Mentioned in SAL (#wikimedia-operations) [2022-04-26T20:11:27Z] <urbanecm@deploy1002> Synchronized wmf-config/: 9805e61f7006edf45199a3e22494945bffaaeb4d: Add wbsearchentities profiles for testing (T306644) (duration: 00m 53s)

Profiles are deployed, they can be enabled for testing in a single page with a magic query string like wikidataCompletionSearchClicksBucket=T306644-fr. Next steps would be to turn the test on, and set the turn-off date. Previously we did two weeks, I don't remember what went into that decision but running this for two weeks seems plausible as well.

Should we inform anyone at wikidata that we will be turning on the test? Who?

Change 787069 had a related patch set uploaded (by Ebernhardson; author: Ebernhardson):

[operations/mediawiki-config@master] cirrus: Turn on AB test of wbsearchentities profiles

https://gerrit.wikimedia.org/r/787069

Change 787069 merged by jenkins-bot:

[operations/mediawiki-config@master] cirrus: Turn on AB test of wbsearchentities profiles

https://gerrit.wikimedia.org/r/787069

Mentioned in SAL (#wikimedia-operations) [2022-04-27T21:01:01Z] <ebernhardson@deploy1002> Synchronized wmf-config/InitialiseSettings.php: Config: [[gerrit:787069|cirrus: Turn on AB test of wbsearchentities profiles (T306644)]] (duration: 00m 53s)

Ran the previous AB testing report to get a preliminary look at the data and ensure it's collecting as expected. Everything seems reasonable, the new tuning isn't clearly better but not clearly worse either and we only have a few hundred events for most languages.
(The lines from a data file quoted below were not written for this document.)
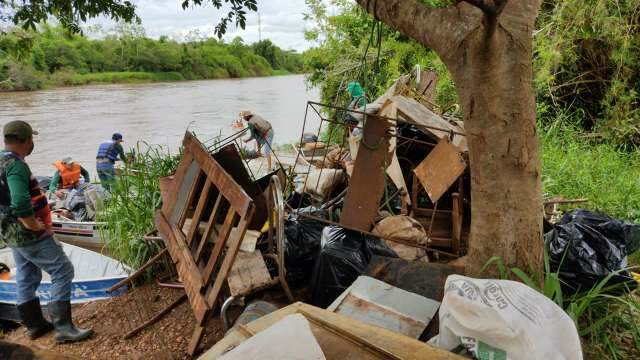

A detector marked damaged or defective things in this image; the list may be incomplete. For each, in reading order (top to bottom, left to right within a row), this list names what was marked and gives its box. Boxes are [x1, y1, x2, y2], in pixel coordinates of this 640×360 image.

rusty metal sheet [340, 102, 396, 231]
rusty metal sheet [416, 138, 464, 204]
broken furniture [156, 131, 292, 354]
broken furniture [198, 300, 462, 360]
rusty metal sheet [328, 278, 438, 338]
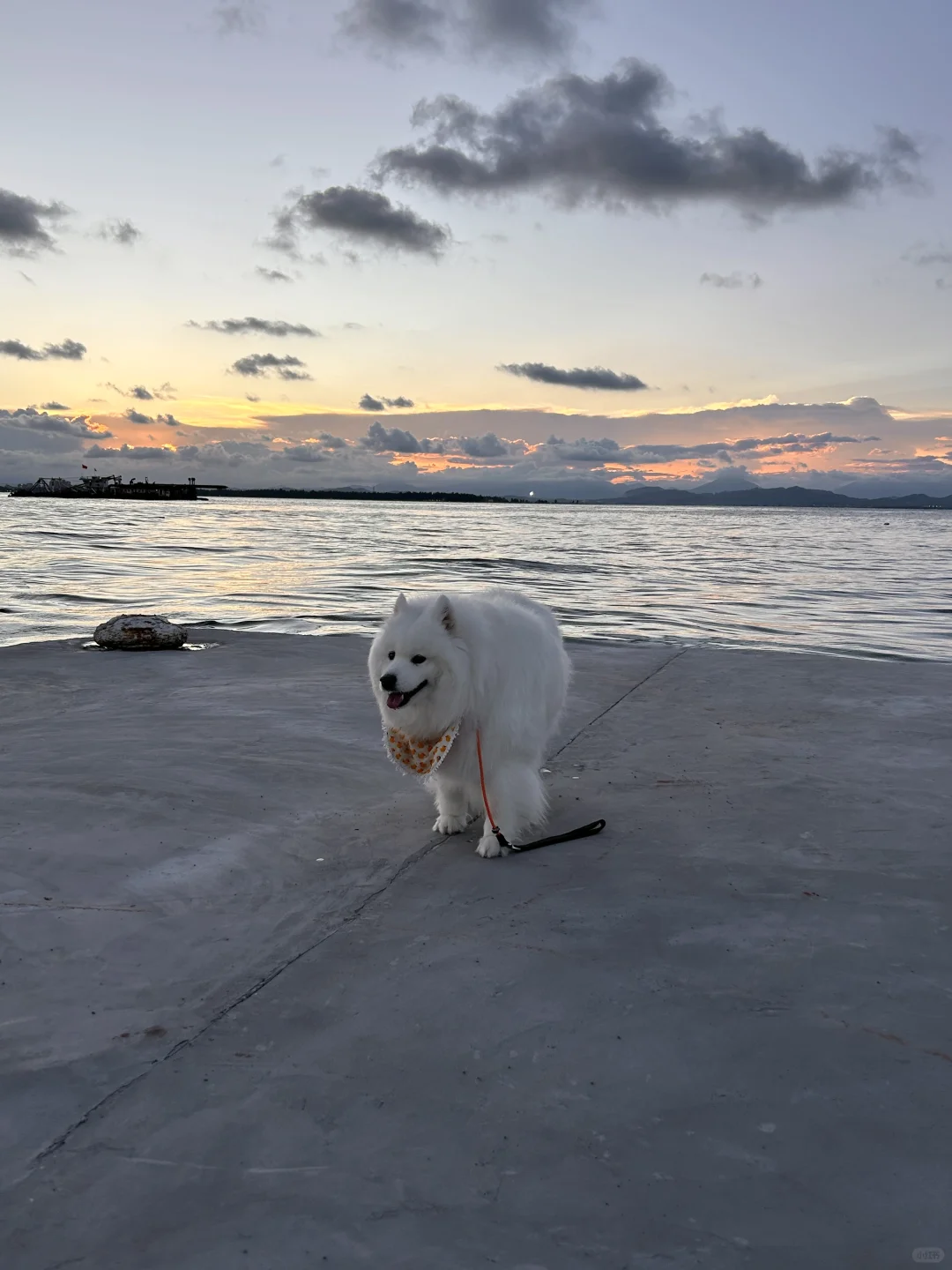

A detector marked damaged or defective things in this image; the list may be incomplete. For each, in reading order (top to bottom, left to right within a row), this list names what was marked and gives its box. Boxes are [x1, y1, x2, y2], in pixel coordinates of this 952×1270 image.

crack in concrete [26, 655, 690, 1178]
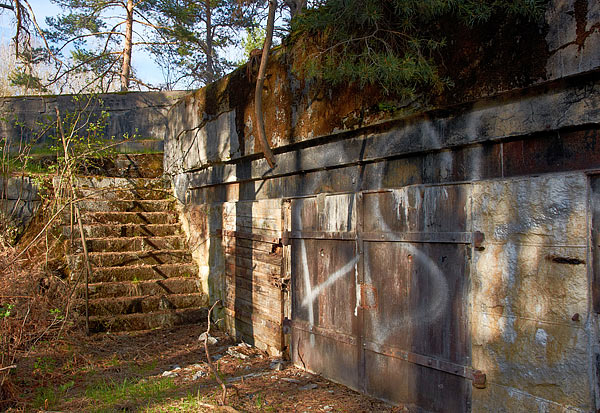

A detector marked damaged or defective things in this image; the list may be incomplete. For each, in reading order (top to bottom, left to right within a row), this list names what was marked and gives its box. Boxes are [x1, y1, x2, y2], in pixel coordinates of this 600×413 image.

rusty metal door [284, 186, 482, 408]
As stated previously intending to run for two weeks, ending data collection on May 11.

Change 792141 had a related patch set uploaded (by Ebernhardson; author: Ebernhardson):

[operations/mediawiki-config@master] Revert "cirrus: Turn on AB test of wbsearchentities profiles"

https://gerrit.wikimedia.org/r/792141

Change 792141 merged by jenkins-bot:

[operations/mediawiki-config@master] Revert "cirrus: Turn on AB test of wbsearchentities profiles"

https://gerrit.wikimedia.org/r/792141

Mentioned in SAL (#wikimedia-operations) [2022-05-16T20:41:31Z] <catrope@deploy1002> Synchronized wmf-config/InitialiseSettings.php: Config: [[gerrit:792141|Revert "cirrus: Turn on AB test of wbsearchentities profiles" (T306644)]] (duration: 00m 51s)

Reports found in https://people.wikimedia.org/~ebernhardson/T306644/

Summary is that the tuning is either the same or slightly worse almost everywhere. Unclear currently where things went wrong. It's not significantly worse so the process is still coming up with reasonable values, but those reasonable values aren't resulting in better ranking than the tuning from a few years ago.

Gehel subscribed.

The situation does not degrade significantly, this allows us to upgrade to ES7, let's move forward.